Surely there are marine laws in place which allow damages to be claimed against the owners of poorly marked pots? Enforce them. All pots must be marked with easily identifiable ownership marks linked to a public database. If you can't see a pot and it causes damage then persue the owner for financial damages.

The authorities can patrol areas and pull and poorly marked pots for re-sale or return at cost. How is it that we all see badly marked pots on a daily basis and yet nothing is done. We aren't just talking about boat owners out on a jolly being delayed for 10 minutes whilst they clear a line, we are talking boats totally disabled with potentially fatal consequences.

I am always amazed at just where many pots are placed. The middle of navigable channels, entrances to harbours and rivers. Are there no limits on their placement?

I have no desire to kill an industry (the fisheries protection people are doing that already with their insistence that perfectly edible dead fish are thrown back in the water by the thousand tonnes), but you can't carry on if your activities put people's lives at risk.

It's like digging holes in the road then not marking them properly.

Henry :(
 
Good thread this one.

I found the main problem is that there is no consistancy in pot marking.

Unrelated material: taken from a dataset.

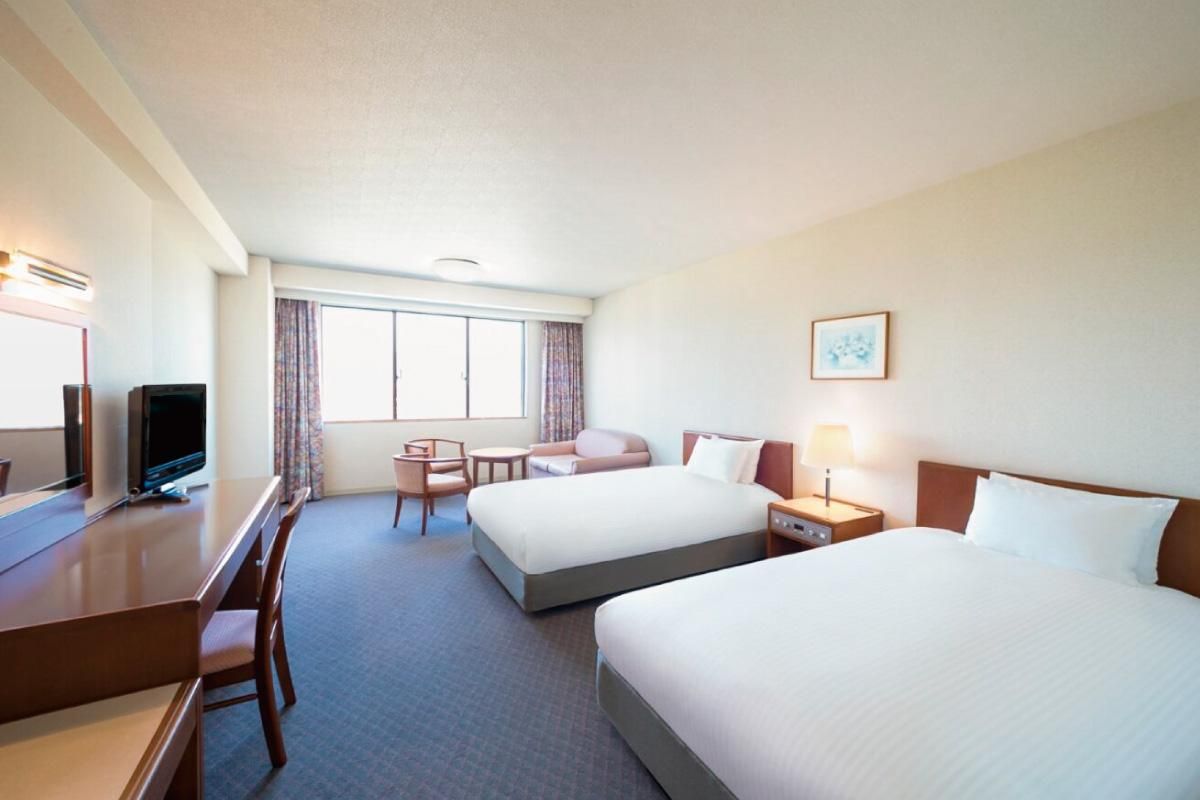 Classic Room with 2 single beds and 1 sofa bed, Ocean/Sea view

They range through anything that will float from a plastic bottle to a coloured buoy, especially in the Solent and approaches.

I have found that the easiest to spot are on the route east of Selsey towards Brighton and Eastbourne. They are more consistantly using black flags on poles about 3 feet high. The black flag is easier to see in most conditions as they give a good silhouette.

I would be quite happy with this if it were made to be a standard and enforced as a danger to navigation.

Ideally though an illuminated mark would be better.
 
When Play d'eau's stbd prop was caught by a pot in the Alderney Race in 2003, the tide was at slack and the sea was calm.

I managed to cut the line and free the boat, but when I was about to tie the severed line to the marker I thought "blow it, I'll just dump the line so the fisherman loses the pot."

However, I didn't, so the fisherman kept his pot.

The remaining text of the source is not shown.